The Kemp USA Pediatric Spineboard is a rigid, full-body spinal motion restriction device used by trained fire-rescue and EMS personnel to immobilize pediatric patients during extrication, packaging, and transport following traumatic injury with suspected spinal involvement.

Constructed from high-density, impact-resistant polymer measuring 53.5 inches by 14.75 inches, this board is engineered specifically for pediatric anatomy. The reduced width ensures straps cinch securely across a child's smaller torso and pelvis, preventing lateral shift that adult-sized boards cannot adequately control. The board contains zero metal components, making it fully X-ray translucent and allowing radiological imaging while the patient remains secured, eliminating high-risk transfers to imaging tables during inter-facility transport.

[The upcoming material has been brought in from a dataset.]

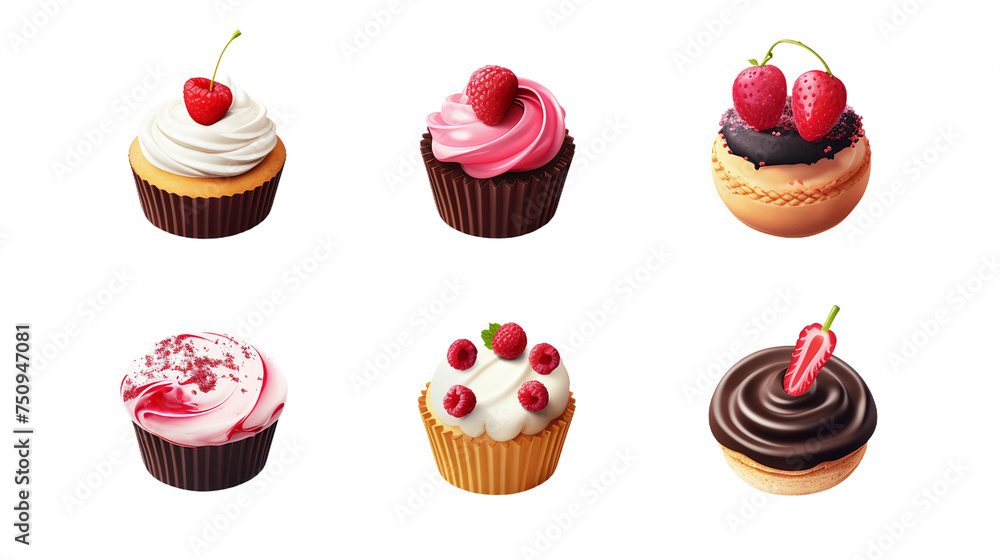 Irresistible Sweet Treats on transparent background: 3D Realistic Vector Icons of Cake, Donut, Cupcake, and More on a White Background – Indulge in Culinary Delights Irresistible Sweet Treats on transparent background: 3D Realistic Vector Icons of Cake, Donut, Cupcake, and More on a White Background – Indulge in Culinary Delights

Deployment of this spineboard requires a complete immobilization system. The board is operationally ineffective and potentially dangerous without size-appropriate straps, a correctly fitted cervical collar, and a head immobilization device. A minimum of two trained rescuers is required, with three to four preferred for coordinated log-roll and transfer. The board supports a maximum load capacity of 85 lbs (38.5 kg) and must never be used with improvised securing materials. All strapping must be verified as snug without impeding respiration or circulation.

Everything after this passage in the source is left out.